Measuring Curves Using Linear Units: Is It Truly Possible?

How do we know for sure that we can measure nonlinear curves using linear units? It’s really not that self-evident a truth, yet we treat it as one.

Evidence to the contrary is the proven fact that we can’t depict the surface of a sphere on a flat surface without distortion.

For example, how do we know that once we wrap a real number line along a nonlinear curve, there are no distortions on that real number line that would prohibit us from measuring that curve accurately using linear units? It’s not a simple question.

The same goes for measuring nonlinear areas using linear units. Calculus is fundamentally based off the non-self-evident assumption that it is possible. Yet, no proof nor even informal justification is given. Many Calculus books simply define nonlinear area as the Riemann sum of the areas of rectangles in that area. It’s not that self-evident of a definition.

Actually, I think that one has been covered rather thoroughly.
In the case of a circle, for example, a straight edge ruler can be rolled along the surface.
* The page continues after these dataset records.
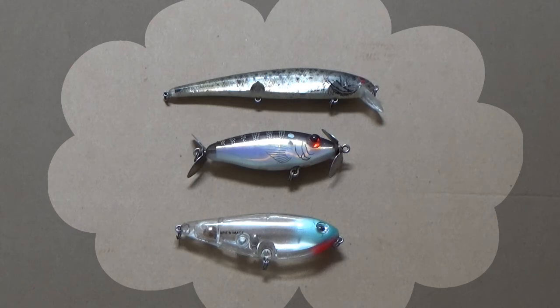The bottom lure also looks like a shad or a perch. It's a Spittin' Image made by Excalibur, and it helps you mimic the hatch when you're surrounded by lots of small fish shaped this way — with the oval shape — and the trout are focused and feeding on them, or redfish of course. Sometimes using specialty topwater lures makes a lot of difference, particularly at the end of the warm period when there's a lot of different types of forage around you.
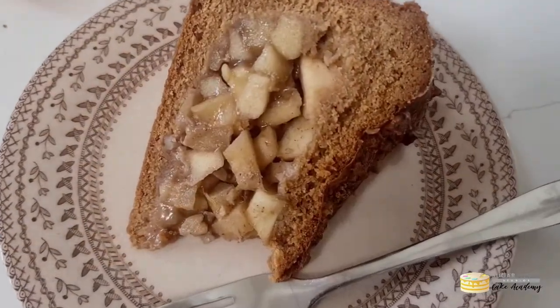Hi everybody, this is Zoe from Sugar Street Studios. How are you doing? We are back this week with our Cakes Around the World series and we are in the Netherlands because we are making what to my mind is really the home of cake — or better put, cake that makes me think of home. I am talking of course about apple cake or apple pie.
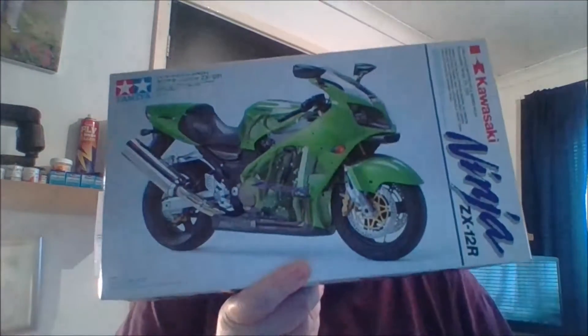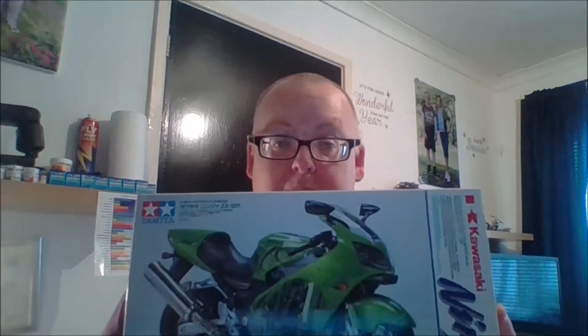Welcome back to the channel, it's review time. What are we reviewing today? Something I bought from Mr. Brettland — he's been selling some of his stash to fund other pursuits. This little beauty. I love building bikes, I really do, and I think Tamiya probably make the best bikes. They really are tremendous. Paul was selling this one and I had to grab it, because I've seen what it's like built up if you do it right — it's awesome, it really is.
In the case of volumes, the “submerging into water” technique proved the viability of the calculations, which depend entirely on the exact same math as surface areas. There are countless easily provable experiments to validate the mathematics.

I think that we seem to do quite well with the measurement of distances on our curved planet. Prediction of flight paths, parabolic curves of rocket trajectories, space-flight, meteorite/asteroid orbits etc

How do you know the ruler isn’t slipping? How do you know the points on the nonlinear curve CAN be measured using a linear ruler? It seems that in order to measure the nonlinear curve, you MUST use nonlinear units. It seems that linear units, then, are also nonlinear units. That doesn’t seem right…
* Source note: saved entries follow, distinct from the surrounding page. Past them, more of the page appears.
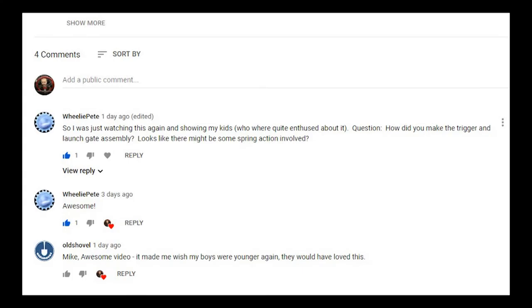Fellow YouTuber Wheelie Pete leaves this comment: 'So I was watching this again and showing my kids who were quite enthused about it. How did you make the trigger and launch gate assembly? Looks like there might be some spring action involved.' I'll do my best to dissect that starting gate assembly on the Hot Wheels track. Let's go check it out.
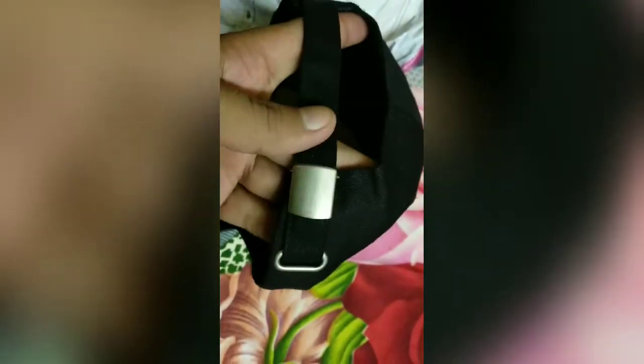This is the MRP 699, but I got this for 300 rupees.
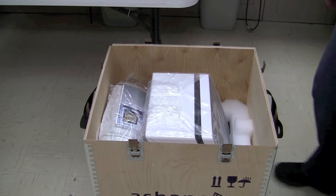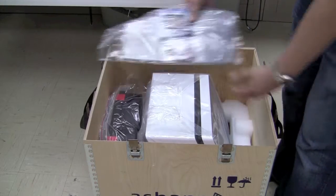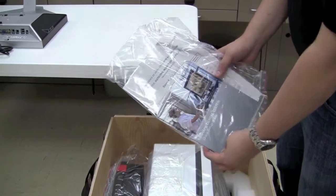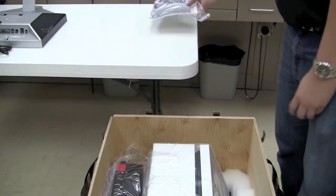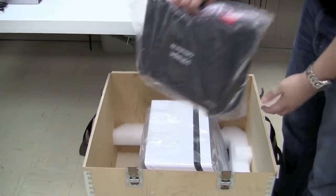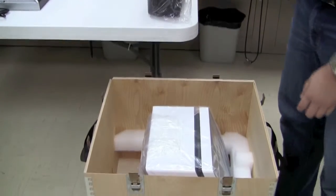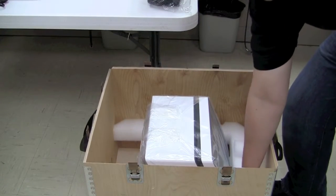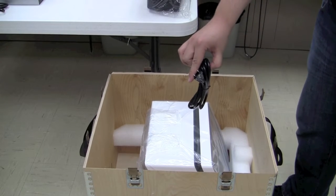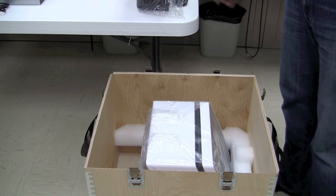Next, we're going to remove some of the documentation that's included with the scanner. Inside, we have a quick setup guide as well as the outgoing inspections of the kit from 3Shape. We also have the calibration kit, which we'll set aside. Also inside the scanner, usually tucked in a corner, you're going to find the power cable for the scanner itself. We'll set that aside, leaving just the scanner by itself in the crate.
There must be a way to mathematically prove that nonlinear curves can or cannot be measured using linear units.

Do you NOT find any problem with that fact that the sum of areas of an increasing number of rectangles below the curve–(said areas being definite)–approaches some number that may NOT be definite but is the area below the curve?

What I find curious is that you don’t, apparently, have any problem with the fact that there is no area of anything in the two abstract dimensions.